Elliott notes that it was an easy decision since the management team at Blakes, which already had a longstanding commitment to diversity (it has been included in Canada’s Best Diversity Employers 11 times since 2008), was clearly enthusiastic about this new role.
“Having an inclusive workplace really allows us to tap into the full potential of our people,” he says. “By providing our people with a workplace that enables them to be their true and authentic self, everyone is able to do their best work.”
The firm has a myriad of internal groups and programs to support diversity and inclusion.
“Blakes is always looking to roll out new diversity initiatives,” says Elliott, “and has a robust roster of professional development and educational offerings that focus on issues like unconscious bias, inclusive leadership, cultural awareness and competence, gender and cultural blind spots, anti-racism, and how to be an ally.”
The firm is also open to new ideas that can help to promote inclusiveness within the firm. In 2019, Blakes partner Alyssa Shivji approached Blakes management with a proposal for a new group mentorship program for diverse junior associates. Alyssa cleverly named the initiative “Diversi-Tea.”

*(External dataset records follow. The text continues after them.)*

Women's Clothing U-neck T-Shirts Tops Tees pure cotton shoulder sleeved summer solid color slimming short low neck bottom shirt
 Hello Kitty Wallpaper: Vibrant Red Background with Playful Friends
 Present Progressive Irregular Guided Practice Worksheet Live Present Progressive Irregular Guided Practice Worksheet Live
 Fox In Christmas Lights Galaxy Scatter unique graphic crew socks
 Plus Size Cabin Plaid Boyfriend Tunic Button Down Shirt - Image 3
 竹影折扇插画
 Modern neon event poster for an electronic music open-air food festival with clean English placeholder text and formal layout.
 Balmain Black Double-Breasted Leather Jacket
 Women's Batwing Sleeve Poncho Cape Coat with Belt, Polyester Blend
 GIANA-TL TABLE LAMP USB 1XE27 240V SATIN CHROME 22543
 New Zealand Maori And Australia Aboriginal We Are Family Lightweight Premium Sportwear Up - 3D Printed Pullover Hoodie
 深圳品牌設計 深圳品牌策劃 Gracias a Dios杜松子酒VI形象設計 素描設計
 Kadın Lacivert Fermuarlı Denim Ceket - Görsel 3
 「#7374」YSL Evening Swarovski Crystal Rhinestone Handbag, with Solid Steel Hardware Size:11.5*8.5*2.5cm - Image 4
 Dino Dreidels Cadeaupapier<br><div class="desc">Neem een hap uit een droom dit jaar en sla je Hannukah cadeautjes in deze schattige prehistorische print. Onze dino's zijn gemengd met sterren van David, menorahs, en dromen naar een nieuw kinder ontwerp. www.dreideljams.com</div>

Diversi-Tea provides a safe space for diverse associates to meet monthly as a group to discuss topics of interest and to receive advice and mentorship from senior associates and partners. The initiative was so successful that it was expanded to include summer and articling students in late 2020 and will expand in 2021 to include associates from all years of practice.
According to Shivji, the program is “especially helpful for first-generation diverse lawyers who don’t have lawyers in their families, as it helps them to navigate the norms and expectations of law firm culture and gives them a safe place to seek advice.”
Blakes is involved with numerous community-based diversity programs and organizations. The firm participates in Law in Action Within Schools, which pairs high schoolers with mentors – Blakes lawyers with whom they meet monthly – and offers several internships that focus on equity-seeking groups.”